Task prompt: Retype only the lines running from the beginning of the entries below to the line with "This is good", both included. Do not include pictures.

[Materials provided]

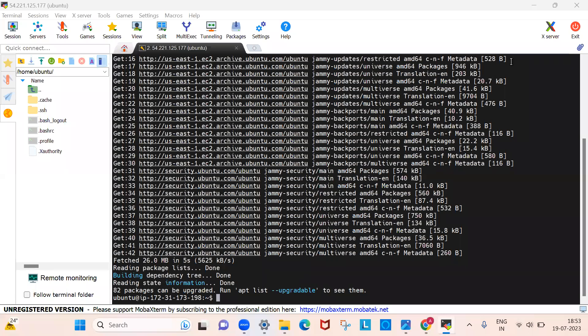That is basically how you access an EC2 instance from a Windows machine. I hope you enjoyed today's video. I made this video specifically for friends who are using Windows machines. See you in the next video — Day 16 — where we will cover AWS CloudWatch.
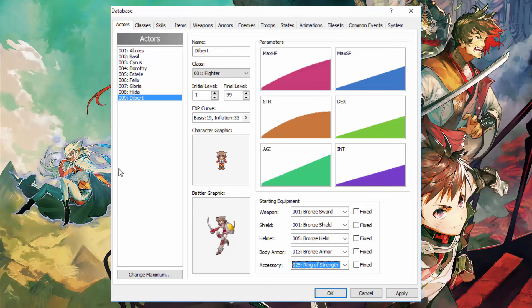This is good if you have a sort of temporary party member. Like a guest party member.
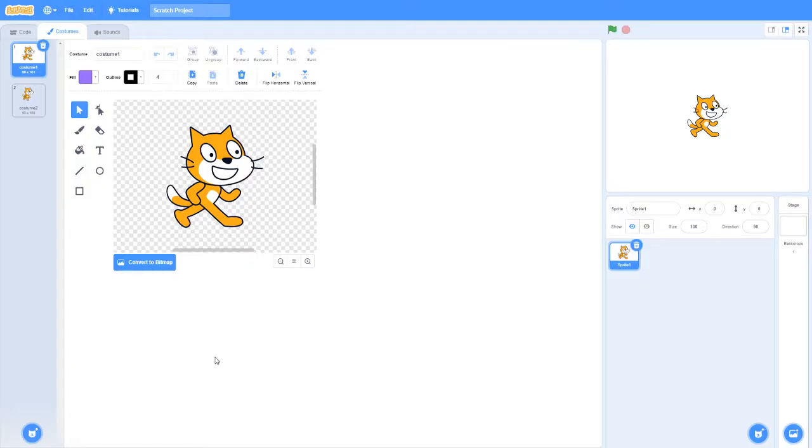Hey guys, what is up? Today I'm going to be teaching you how to make a pong game in Scratch.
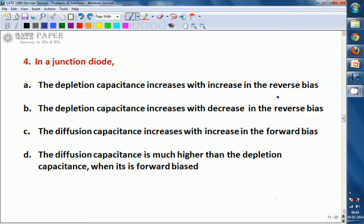Hello, we are discussing the GATE 1990 ECE paper and looking at a question related to the PN junction. In a junction diode, out of the four options, which is going to be the right one?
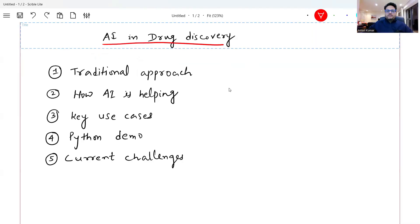In this video I am going to talk about a very niche but important topic known as AI in Drug Discovery. Let's try to understand how AI is working in this area and some Python examples as well. We are going to learn about the traditional approach of drug discovery, how AI is helping, some key use cases with a Python demo, and also the current challenges in drug discovery using AI.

[/Materials provided]

The completed task:
That is basically how you access an EC2 instance from a Windows machine. I hope you enjoyed today's video. I made this video specifically for friends who are using Windows machines. See you in the next video — Day 16 — where we will cover AWS CloudWatch.
This is good if you have a sort of temporary party member. Like a guest party member.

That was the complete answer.